You probably encounter another problem which has no relationship with
60aebc9559492cea6a9625f514a804 ("drivers/firmware: Move sysfb_init()
from device_initcall to subsys_initcall_sync"). You can revert it to
test 6.5.x again.

Huacai

>
> >
> > Hi, Javier,
> >
> > I think I have mostly found the root cause. DRM_SIMPLEDRM has no bugs,
> > Jaak's problem is due to the initialization order of drivers, and this
> > order depends on the Makefile.
> >
> > FB_SIMPLE is before native DRM drivers (e.g. i915, radeon, amdgpu, and
> > so on), but DRM_SIMPLEDRM is after them. Thus, if Jaak uses FB_SIMPLE,
> > I915 will takeover FB_SIMPLE, then no problem; and if Jaak uses
> > DRM_SIMPLEDRM, DRM_SIMPLEDRM will try to takeover I915, but fails to
> > work.
> >
> > So, when I move the "tiny" directory before i915, the problem is
> > solved. But the new problem is: is it acceptable to solve this problem
> > by adjusting Makefile?
> >
> > Huacai
> >
> > >
> > > Jaak
> > >
> > > >
> > > > Evan's problem seems a little strange, could you please give me your
> > > > config files of both 6.4.12 and 6.5.x? And you can also try the above
> > > > method to see if anything changes.
>
> I'll send you my config files.
>
> > > >
> > > > Huacai
> > > >
> > > >>
> > > >> J
> > > >>
> > > >>>
> > > >>>>
> > > >>>> Evan
> > > >>>>
> > > >>>>>
> > > >>>>> Huacai
> > > >>>>>
> > > >>>>>>
> > > >>>>>> Evan
> > > >>>>>>
> > > >>>>>>>
> > > >>>>>>> Huacai
> > > >>>>>>>
> > > >>>>>>>>
> > > >>>>>>>> Jaak
> > > >>>>>>>>
> > > >>>>>>>>>
> > > >>>>>>>>>
> > > >>>>>>>>> Huacai
> > > >>>>>>>>>
> > > >>>>>>>>>>
> > > >>>>>>>>>> Huacai
> > > >>>>>>>>>>
> > > >>>>>>>>>>>
> > > >>>>>>>>>>> Jaak
> > > >>>>>>>>>>>
> > > >>>>>>>>>>>>
> > > >>>>>>>>>>>> Huacai
> > > >>>>>>>>>>>>
> > > >>>>>>>>>>>>>
> > > >>>>>>>>>>>>> Jaak
> > > >>>>>>>>>>>>>
> > > >>>>>>>>>>>>>>>
> > > >>>>>>>>>>>>>>> But I write this mail for a different reason:
> > > >>>>>>>>>>>>>>>
> > > >>>>>>>>>>>>>>>> I am having the same issue on a Lenovo Thinkpad P70 (Intel
> > > >>>>>>>>>>>>>>>> Corporation HD Graphics 530 (rev 06), Intel(R) Core(TM) i7-6700HQ).
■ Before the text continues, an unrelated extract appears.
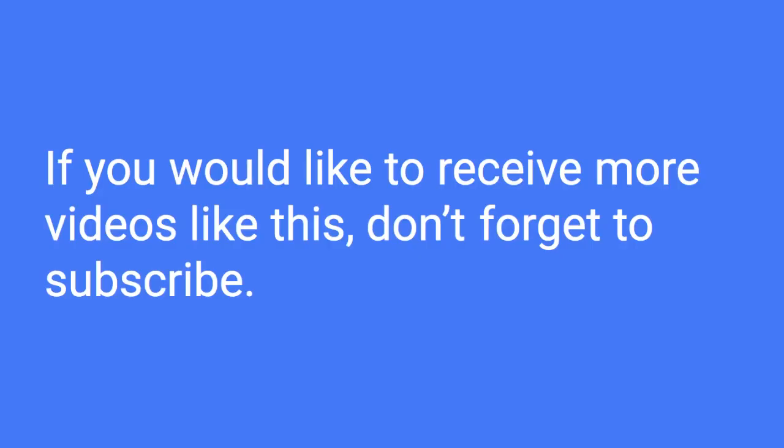I'm planning to release more scientific paper reviews or videos about COVID-19 in the future. So if you would like to receive more videos related to that, don't forget to subscribe. Your subscription is my greatest support to make more videos like this. And other than that, I will see you next time.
> > > >>>>>>>>>>>>>>>> Upgrading from Linux 6.4.12 to 6.5 and later results in only a blank
> > > >>>>>>>>>>>>>>>> screen after boot and a rapidly flashing device-access-status
> > > >>>>>>>>>>>>>>>> indicator.
> > > >>>>>>>>>>>>>>>
> > > >>>>>>>>>>>>>>> This additional report makes me wonder if we should revert the culprit
> > > >>>>>>>>>>>>>>> (60aebc9559492c ("drivers/firmware: Move sysfb_init() from
> > > >>>>>>>>>>>>>>> device_initcall to subsys_initcall_sync") [v6.5-rc1]). But I guess that
> > > >>>>>>>>>>>>>>> might lead to regressions for some users? But the patch description says
> > > >>>>>>>>>>>>>>> that this is not a common configuration, so can we maybe get away with that?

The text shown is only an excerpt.